Так, например, превосходное исследование провел товарищ Н. из города Приозерска. Он организовал широкий опрос мнения слушателей о 300 песнях. В анкетах предлагалось дать оценку по пятибалльной шкале: высшая оценка – плюс 2, хорошая – плюс 1, равнодушие – 0, плохое отношение – минус 1 и резко отрицательное – минус 2. К интересным результатам этого опроса относятся два вывода. Во-первых, оказалось, что средние мнения обладают очень высокой степенью объективности. По мере роста числа опрашиваемых относительные отклонения от среднего мнения становятся все меньше и меньше. И второй занятный результат: среднее впечатление от всех 300 песен оказалось равным плюс 1,1. Так что наши композиторы и авторы текста работают неплохо. Товарищ Н. не сообщил мне, какие песни получили среднюю отрицательную оценку. Надеюсь, что эти сведения ему удастся обнародовать. Они наверняка окажутся полезными и авторам, и издателям.
Практической пользой не ограничивается роль социологии искусства.
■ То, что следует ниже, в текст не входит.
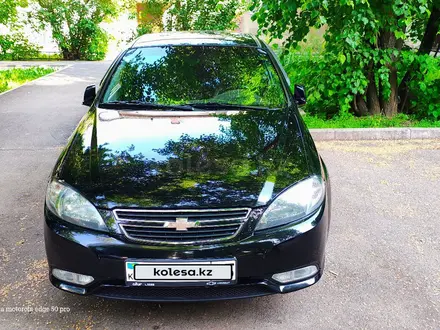 Chevrolet Lacetti 2023 года за 6 000 000 тг. в Алматы – фото 65
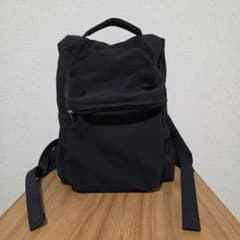 【STANDARD SUPPLY】 スタンダードサプライ　バックパック　ブラックのサムネイル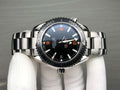 Omega Seamaster Planet Ocean 600M Co-Axial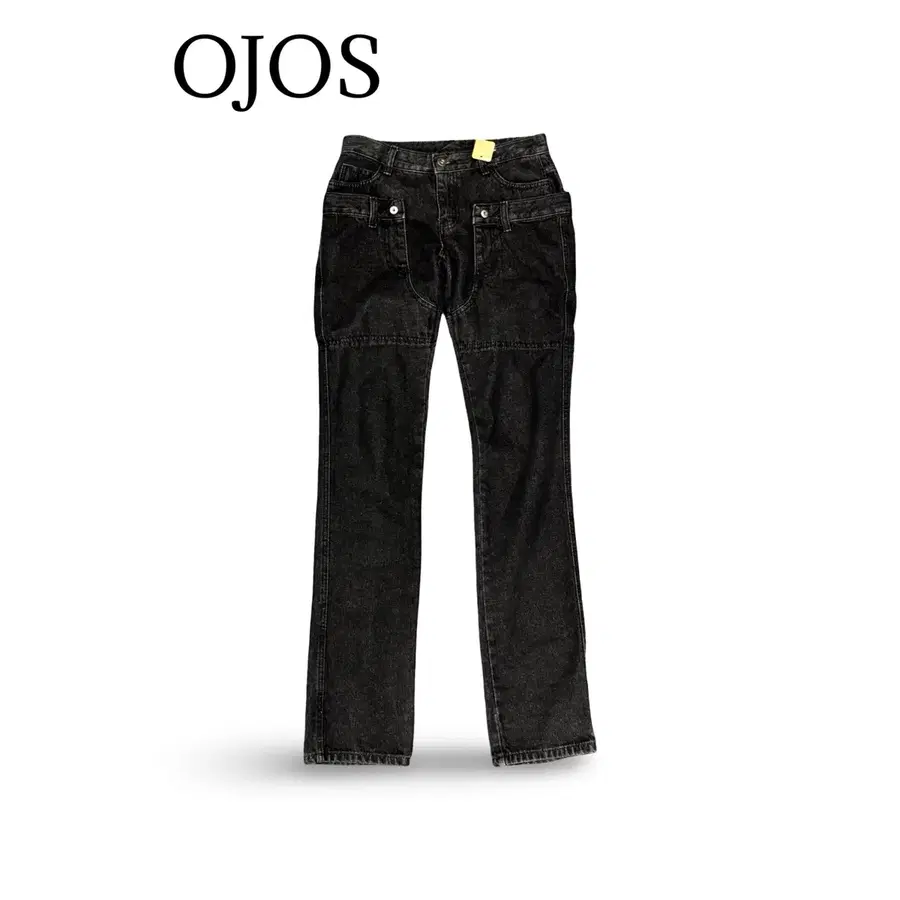 (28) Ojos 블랙진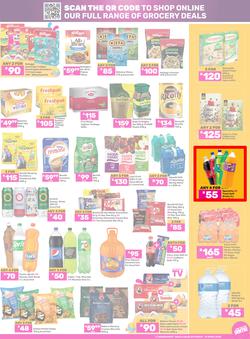 Game : You've Got Full Easter Baskets In Your Hands (25 March - 21 April 2025), page 3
К ее информации внимательно приглядываются исследователи, желающие получить ответ на вопросы «почему красиво», «почему интересно», «почему нравится». Ученый, интересующийся природой вещей, не удовлетворится тем, что анкетный опрос доказывает объективность эстетической оценки и что суждениями хорошо образованных людей можно почти единодушно отличить талантливые произведения от бесталанных. Исследователю красоты хочется найти те линии и цвета, сочетания слов или звуков, которые способны привести в состояние восторга ту или иную группу поклонников искусства. Но ведь ясно, что без хорошо продуманных социологических исследований эстетического вкуса этой задачи не решить.
Две огромные и сложнейшие проблемы – политика художественного воспитания и природа эстетического восприятия – еще далеки от решения. Обсуждать их на страницах этой книги нет возможности. Наша задача была намного скромней – показать, что методы теории вероятностей и здесь оказываются нужными и полезными.